Collaboratifs par nature, les projets d’habitat participatifs reposent sur l’engagement des participants à fonctionner selon des principes communs, à respecter la compétence des autres, à accepter la juste rétribution du travail de chacun. Des évidences ? Sur le papier peut-être, mais moins dans la réalité. Parce que s’engager dans un projet participatif n’est pas une aventure banale, nous proposons des règles du jeu partagées et un cadre d’intervention sécurisant.

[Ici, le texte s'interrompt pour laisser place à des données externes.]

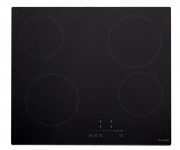Електрична поверхня MINOLA  MHS 6045 KBL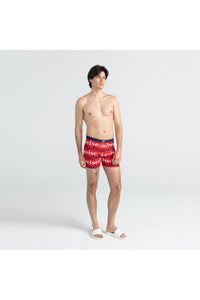 Saxx Daytripper Boxer Brief - Style SXBB11F-RRR, front2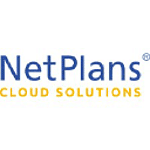 NetPlans GmbH logo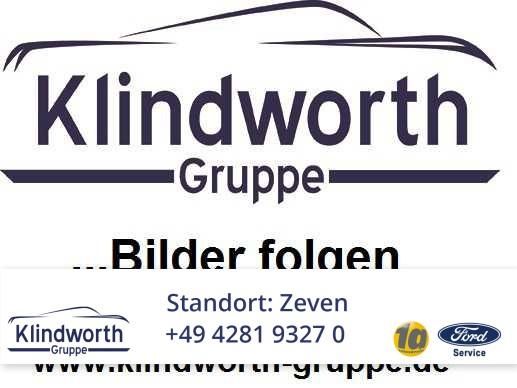 Bild des Angebotes Ford Puma Gen-E 43 kWh Elektro AHK,Panorama,GJR
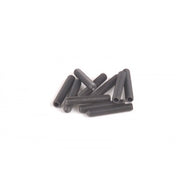 Schumacher U7609 Speed Pack M3x16 Grub Screw 10pk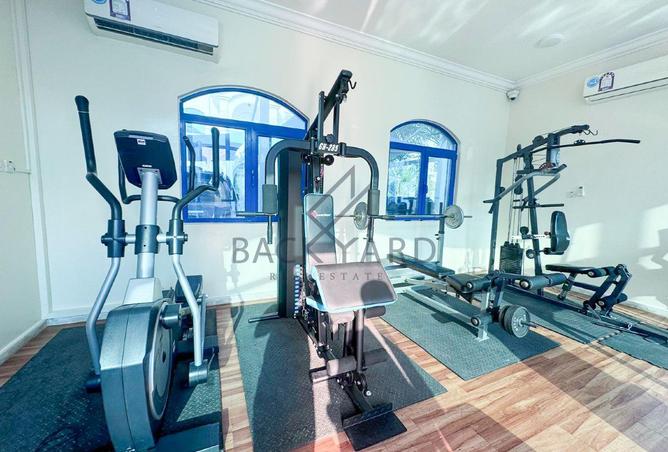 954068 - Property Image 3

Un projet participatif est fait de rencontres, de découvertes, de plaisir et d’inventivité… Mais il est aussi synonyme de temps passé, d’inquiétudes et de renoncements. Nous n’en faisons pas mystère. Les choix d’habitat touchent à nos convictions, notre intimité, mais aussi à des choses comme les goûts et les couleurs dont on prétend qu’ils ne se discutent pas… Or c’est précisément tout cela qui est mis au débat à l’occasion d’un projet d’habitat participatif. Et si nous invitons les participants, avant de s’engager, à être très lucides sur la réalité de leur motivation, nous savons aussi accompagner ceux que les périodes d’incertitude peuvent déstabiliser, et faire preuve de discernement dans le partage de l’information.

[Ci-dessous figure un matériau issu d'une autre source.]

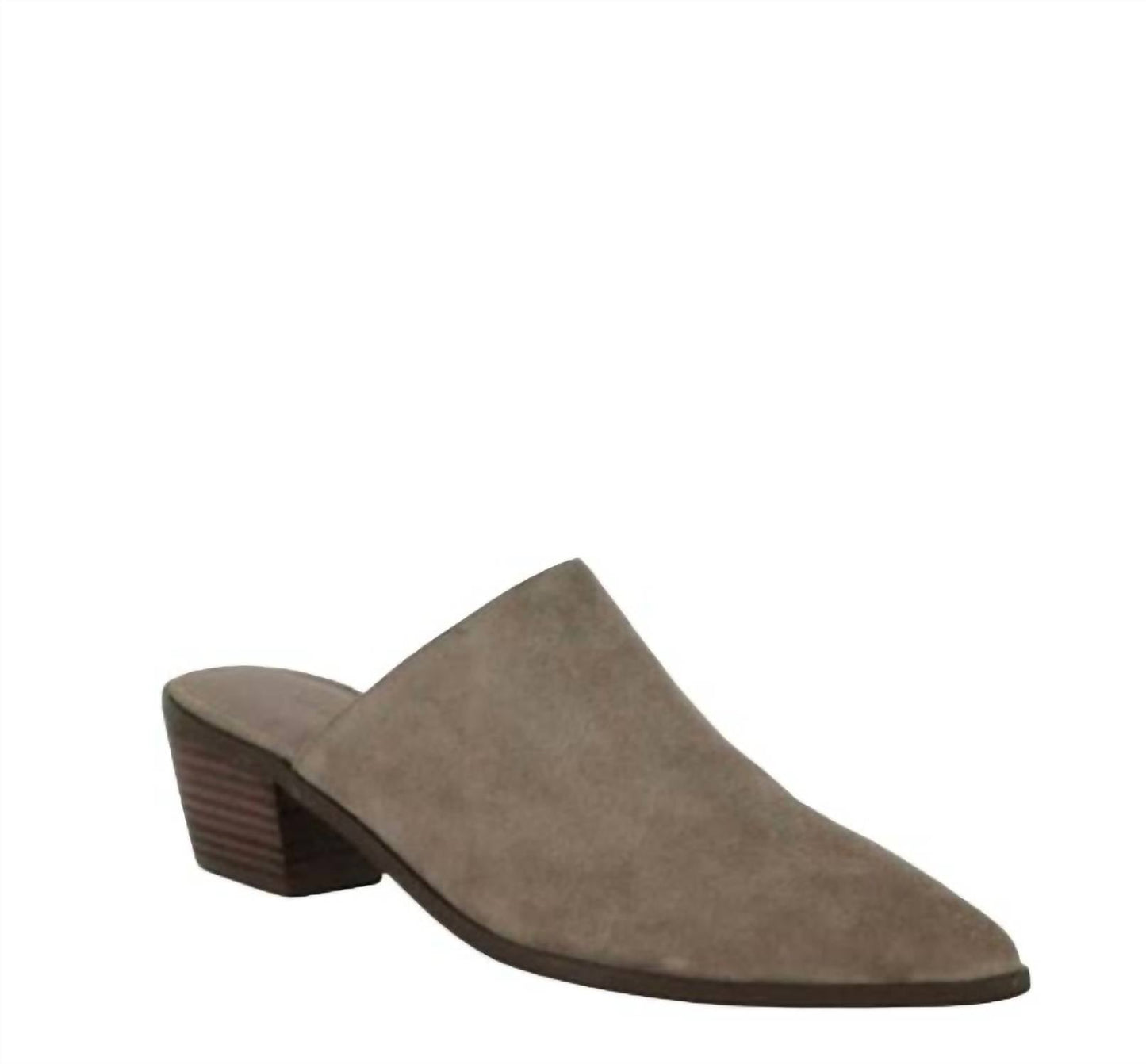 Chocolat Blu - WOMEN CELIA SANDAL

Pour les trois piliers du projet, la participation exige des changements de posture : le maître d’ouvrage doit fonctionner en « mode projet », c’est-à-dire en étant totalement impliqué et transparent ; l’architecte doit dialoguer avec les futurs usagers, proposer des solutions, mais aussi savoir refuser des « commandes » qui mettraient en péril la cohérence architecturale du projet ; les habitants ne peuvent se comporter ni en investisseurs distanciés, ni en simples clients qui seraient confortés dans leurs exigences par la place qui leur est donnée. Tous sont acteurs à part entière, force de proposition et responsables des choix qu’ils font.

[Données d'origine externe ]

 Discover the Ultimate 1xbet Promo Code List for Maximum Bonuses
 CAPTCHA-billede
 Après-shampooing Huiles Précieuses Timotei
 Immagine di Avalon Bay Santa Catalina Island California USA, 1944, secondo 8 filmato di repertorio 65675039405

Cpa-Cps s’engage dès l’origine sur les prix de vente (et pas seulement à partir de la signature du contrat de réservation) et sur le budget global qui peut être alloué à la construction du bâtiment. Au fur et à mesure que les estimations s’affinent, les habitants participent aux arbitrages essentiels concernant les éventuels écarts, qu’il s’agisse des surcoûts ou des gains, pour respecter le budget de travaux initialement défini. Ils s’engagent de leur côté à être assidus aux ateliers de co-production, leur participation étant valorisée à travers un prix au m2 inférieur à celui du marché.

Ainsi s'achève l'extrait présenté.